Restate verbatim the span of lines below between the line with "Produktbild: Arschbombe verboten" and the line with "Кроссовки Jordan 4", including those two lines, and only that span.

*** Opening Source records ***

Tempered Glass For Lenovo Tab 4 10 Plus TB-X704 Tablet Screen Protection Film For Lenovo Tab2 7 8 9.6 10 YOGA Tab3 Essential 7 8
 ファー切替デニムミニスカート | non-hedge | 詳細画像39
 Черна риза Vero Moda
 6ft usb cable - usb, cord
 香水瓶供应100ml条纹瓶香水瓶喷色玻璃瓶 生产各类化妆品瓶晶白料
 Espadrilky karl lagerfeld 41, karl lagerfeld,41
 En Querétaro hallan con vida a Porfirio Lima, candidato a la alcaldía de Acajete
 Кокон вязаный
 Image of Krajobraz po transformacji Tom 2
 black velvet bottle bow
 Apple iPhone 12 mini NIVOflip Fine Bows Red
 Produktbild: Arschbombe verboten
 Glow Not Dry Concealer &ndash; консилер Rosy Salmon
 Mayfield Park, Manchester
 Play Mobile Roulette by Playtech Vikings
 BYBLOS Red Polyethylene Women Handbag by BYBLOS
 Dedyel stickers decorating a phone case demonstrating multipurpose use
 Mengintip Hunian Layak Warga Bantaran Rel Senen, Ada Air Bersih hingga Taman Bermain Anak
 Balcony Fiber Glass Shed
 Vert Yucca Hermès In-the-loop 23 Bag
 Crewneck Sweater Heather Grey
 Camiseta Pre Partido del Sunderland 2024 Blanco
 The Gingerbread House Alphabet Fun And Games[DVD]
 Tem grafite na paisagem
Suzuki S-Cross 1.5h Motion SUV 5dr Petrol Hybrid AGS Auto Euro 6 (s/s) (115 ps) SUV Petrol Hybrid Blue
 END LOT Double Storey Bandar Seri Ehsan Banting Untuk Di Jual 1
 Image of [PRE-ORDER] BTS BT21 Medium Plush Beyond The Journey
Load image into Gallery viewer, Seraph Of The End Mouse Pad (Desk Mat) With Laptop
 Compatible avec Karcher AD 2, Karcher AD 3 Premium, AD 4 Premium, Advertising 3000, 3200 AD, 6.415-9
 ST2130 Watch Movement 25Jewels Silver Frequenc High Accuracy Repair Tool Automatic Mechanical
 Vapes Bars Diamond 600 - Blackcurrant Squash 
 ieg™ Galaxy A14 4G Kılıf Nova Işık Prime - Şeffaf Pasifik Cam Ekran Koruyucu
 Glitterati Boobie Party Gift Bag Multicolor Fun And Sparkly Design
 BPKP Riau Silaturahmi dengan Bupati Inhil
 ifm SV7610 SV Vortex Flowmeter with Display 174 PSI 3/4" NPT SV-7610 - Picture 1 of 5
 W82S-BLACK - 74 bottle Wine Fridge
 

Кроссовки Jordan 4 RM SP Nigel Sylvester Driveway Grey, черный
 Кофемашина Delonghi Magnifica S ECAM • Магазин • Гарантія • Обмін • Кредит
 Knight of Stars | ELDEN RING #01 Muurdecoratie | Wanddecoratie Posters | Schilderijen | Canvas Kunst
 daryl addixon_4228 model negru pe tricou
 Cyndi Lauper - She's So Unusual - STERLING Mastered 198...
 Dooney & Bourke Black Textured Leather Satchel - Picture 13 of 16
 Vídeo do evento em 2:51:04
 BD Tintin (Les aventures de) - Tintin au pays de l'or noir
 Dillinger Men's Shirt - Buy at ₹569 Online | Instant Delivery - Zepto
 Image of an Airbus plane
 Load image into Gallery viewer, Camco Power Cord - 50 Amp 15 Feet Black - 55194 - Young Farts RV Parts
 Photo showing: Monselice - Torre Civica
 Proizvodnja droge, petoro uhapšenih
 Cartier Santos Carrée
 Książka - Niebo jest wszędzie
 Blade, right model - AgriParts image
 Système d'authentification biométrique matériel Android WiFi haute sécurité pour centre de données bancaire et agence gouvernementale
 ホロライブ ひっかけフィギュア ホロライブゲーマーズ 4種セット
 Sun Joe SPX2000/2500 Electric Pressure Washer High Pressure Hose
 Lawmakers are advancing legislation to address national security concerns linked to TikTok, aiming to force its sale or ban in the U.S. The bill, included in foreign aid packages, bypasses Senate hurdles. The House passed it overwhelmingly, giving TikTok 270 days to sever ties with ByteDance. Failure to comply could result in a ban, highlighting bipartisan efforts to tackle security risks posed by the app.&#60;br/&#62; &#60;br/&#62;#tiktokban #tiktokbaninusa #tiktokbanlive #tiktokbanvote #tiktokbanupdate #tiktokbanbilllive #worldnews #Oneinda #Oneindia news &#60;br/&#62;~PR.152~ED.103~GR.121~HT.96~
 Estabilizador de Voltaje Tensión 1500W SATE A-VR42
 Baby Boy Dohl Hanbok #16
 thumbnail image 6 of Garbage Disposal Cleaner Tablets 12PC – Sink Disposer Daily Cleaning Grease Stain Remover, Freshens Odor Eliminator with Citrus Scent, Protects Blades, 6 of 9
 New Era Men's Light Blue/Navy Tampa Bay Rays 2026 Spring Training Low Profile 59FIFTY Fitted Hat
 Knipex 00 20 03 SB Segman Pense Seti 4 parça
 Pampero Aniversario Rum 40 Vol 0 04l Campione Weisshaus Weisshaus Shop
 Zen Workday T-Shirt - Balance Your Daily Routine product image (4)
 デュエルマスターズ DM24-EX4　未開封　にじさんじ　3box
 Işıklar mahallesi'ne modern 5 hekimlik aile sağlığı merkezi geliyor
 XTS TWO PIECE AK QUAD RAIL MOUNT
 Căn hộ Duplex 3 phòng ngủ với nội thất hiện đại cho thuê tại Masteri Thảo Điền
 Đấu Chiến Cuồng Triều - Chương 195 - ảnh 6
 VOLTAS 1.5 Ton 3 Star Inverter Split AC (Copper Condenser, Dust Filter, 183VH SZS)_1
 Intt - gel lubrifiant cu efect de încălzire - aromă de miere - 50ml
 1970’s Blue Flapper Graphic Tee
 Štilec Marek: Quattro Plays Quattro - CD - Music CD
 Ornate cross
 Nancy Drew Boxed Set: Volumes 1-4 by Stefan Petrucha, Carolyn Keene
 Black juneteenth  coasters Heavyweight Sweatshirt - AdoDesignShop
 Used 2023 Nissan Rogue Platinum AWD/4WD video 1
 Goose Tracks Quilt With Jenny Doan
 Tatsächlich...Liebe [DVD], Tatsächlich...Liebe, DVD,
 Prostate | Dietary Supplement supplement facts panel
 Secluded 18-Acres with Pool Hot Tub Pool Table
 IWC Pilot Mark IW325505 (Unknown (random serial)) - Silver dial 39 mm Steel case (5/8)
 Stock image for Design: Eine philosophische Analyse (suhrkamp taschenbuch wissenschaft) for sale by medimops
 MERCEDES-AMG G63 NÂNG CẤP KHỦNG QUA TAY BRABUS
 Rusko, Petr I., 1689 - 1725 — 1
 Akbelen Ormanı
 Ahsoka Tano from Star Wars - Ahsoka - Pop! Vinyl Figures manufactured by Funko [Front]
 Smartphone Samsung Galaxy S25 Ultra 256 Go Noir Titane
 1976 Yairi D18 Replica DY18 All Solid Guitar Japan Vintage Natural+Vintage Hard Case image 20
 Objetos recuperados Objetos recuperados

*** Closing Source records ***

- Task response
 Produktbild: Arschbombe verboten
 Glow Not Dry Concealer &ndash; консилер Rosy Salmon
 Mayfield Park, Manchester
 Play Mobile Roulette by Playtech Vikings
 BYBLOS Red Polyethylene Women Handbag by BYBLOS
 Dedyel stickers decorating a phone case demonstrating multipurpose use
 Mengintip Hunian Layak Warga Bantaran Rel Senen, Ada Air Bersih hingga Taman Bermain Anak
 Balcony Fiber Glass Shed
 Vert Yucca Hermès In-the-loop 23 Bag
 Crewneck Sweater Heather Grey
 Camiseta Pre Partido del Sunderland 2024 Blanco
 The Gingerbread House Alphabet Fun And Games[DVD]
 Tem grafite na paisagem
Suzuki S-Cross 1.5h Motion SUV 5dr Petrol Hybrid AGS Auto Euro 6 (s/s) (115 ps) SUV Petrol Hybrid Blue
 END LOT Double Storey Bandar Seri Ehsan Banting Untuk Di Jual 1
 Image of [PRE-ORDER] BTS BT21 Medium Plush Beyond The Journey
Load image into Gallery viewer, Seraph Of The End Mouse Pad (Desk Mat) With Laptop
 Compatible avec Karcher AD 2, Karcher AD 3 Premium, AD 4 Premium, Advertising 3000, 3200 AD, 6.415-9
 ST2130 Watch Movement 25Jewels Silver Frequenc High Accuracy Repair Tool Automatic Mechanical
 Vapes Bars Diamond 600 - Blackcurrant Squash 
 ieg™ Galaxy A14 4G Kılıf Nova Işık Prime - Şeffaf Pasifik Cam Ekran Koruyucu
 Glitterati Boobie Party Gift Bag Multicolor Fun And Sparkly Design
 BPKP Riau Silaturahmi dengan Bupati Inhil
 ifm SV7610 SV Vortex Flowmeter with Display 174 PSI 3/4" NPT SV-7610 - Picture 1 of 5
 W82S-BLACK - 74 bottle Wine Fridge
 

Кроссовки Jordan 4 RM SP Nigel Sylvester Driveway Grey, черный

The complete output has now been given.